L’entretien motivationnel (EM) est un style de communication avec des techniques qui permettent de faire émerger la sagesse et les réponses des clients eux-mêmes. Il repose sur des principes bien établis de bon enseignement et de bon coaching, où la relation est centrale, où c’est le client qui pilote sa propre recherche d’amélioration, et où l’expertise du coach est finement adaptée à ses besoins.

La formulation date du philosophe français Blaise Pascal, au XVIIe siècle déjà : les personnes sont davantage persuadées par les raisons qu’elles ont elles-mêmes découvertes que par celles qui viennent de l’esprit des autres.

L’entretien motivationnel, c’est simplement la traduction pratique de cette idée dans le contexte du coaching.

Pourquoi la motivation externe ne suffit pas

Pour comprendre ce qui se passe psychologiquement chez un client qui abandonne, il faut connaître les travaux de deux chercheurs américains, Richard Ryan et Edward Deci, qui ont consacré plusieurs décennies à l’étude de la motivation humaine.

Leurs recherches ont conduit à la formulation de trois besoins psychologiques innés — compétence, autonomie et relation — dont la satisfaction entraîne une meilleure auto-motivation et un meilleur état mental, et dont la frustration conduit à une diminution de la motivation et du bien-être.
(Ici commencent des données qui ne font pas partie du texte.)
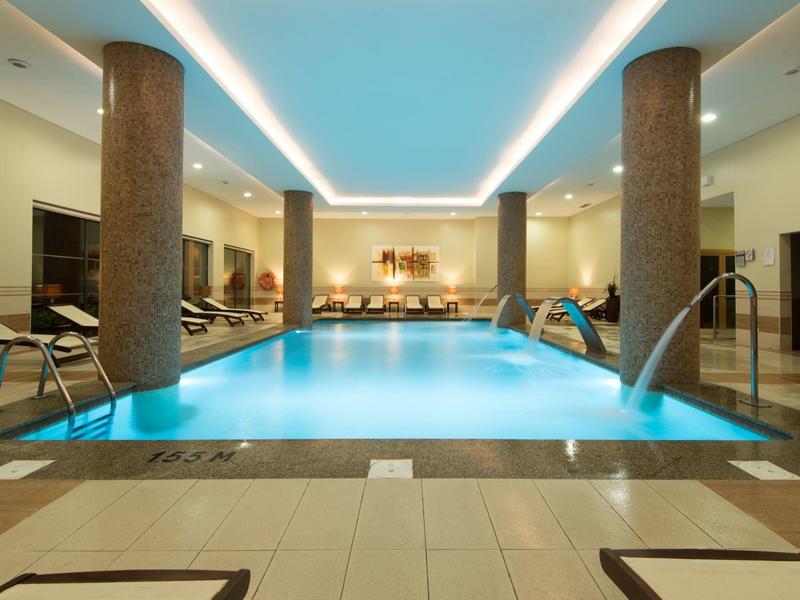 Kryty basen hotelowy z kolumnami i leżakami przy miękkim oświetleniu.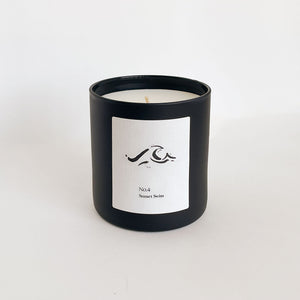 Minimalist black candle container with a white label featuring a wave design and text, showcasing No. 4 Sunset Swim (Amalfi Coast) Candle | Lucky Owl for a calming wellness ambiance.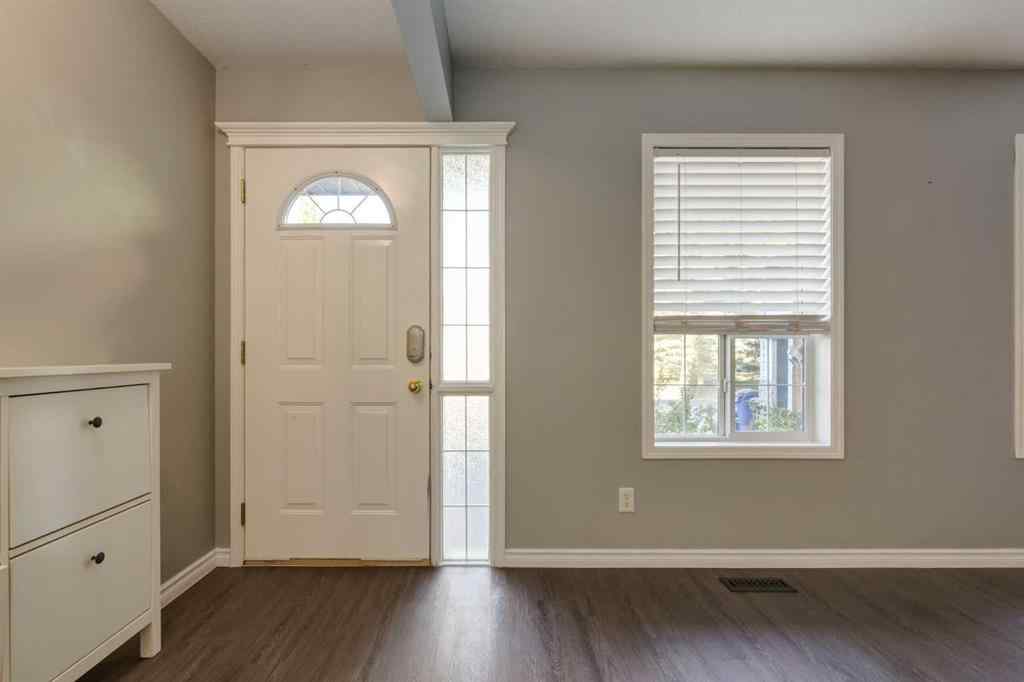 MLS® A2267778 - Unit #5 135 Bow Ridge Drive  in Bow Ridge Cochrane, Residential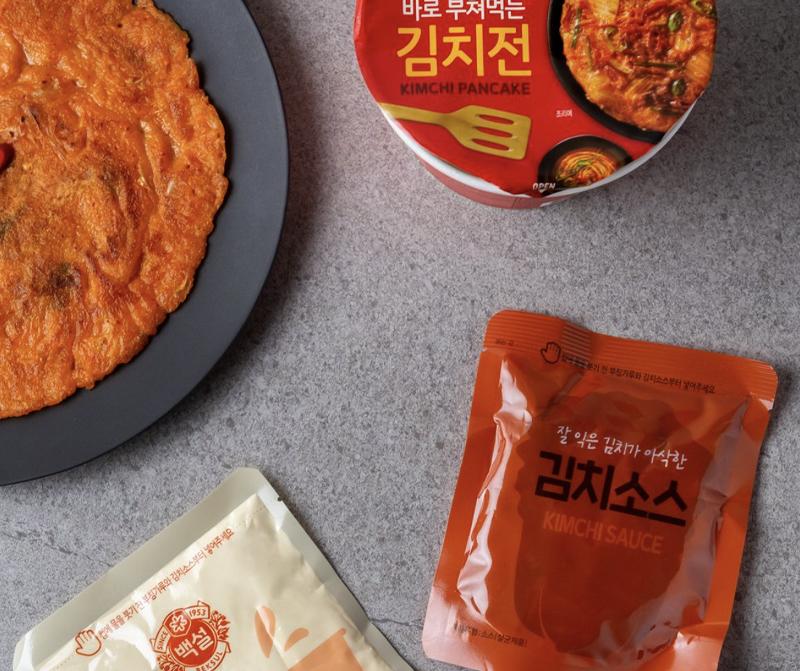 korean brand beksul's kimchi pancake instant cup mix and contents next to plate of kimchi pancake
Ce n’est pas une théorie abstraite. Elle décrit précisément ce qui se passe dans une relation de coaching.

Lorsque ces besoins sont soutenus, les personnes sont intrinsèquement motivées à s’engager dans des activités pour elles-mêmes, parce qu’elles sont intéressantes, agréables et intrinsèquement satisfaisantes. En revanche, lorsque ces besoins psychologiques sont non soutenus ou contrariés, le bien-être et la croissance sont négativement affectés.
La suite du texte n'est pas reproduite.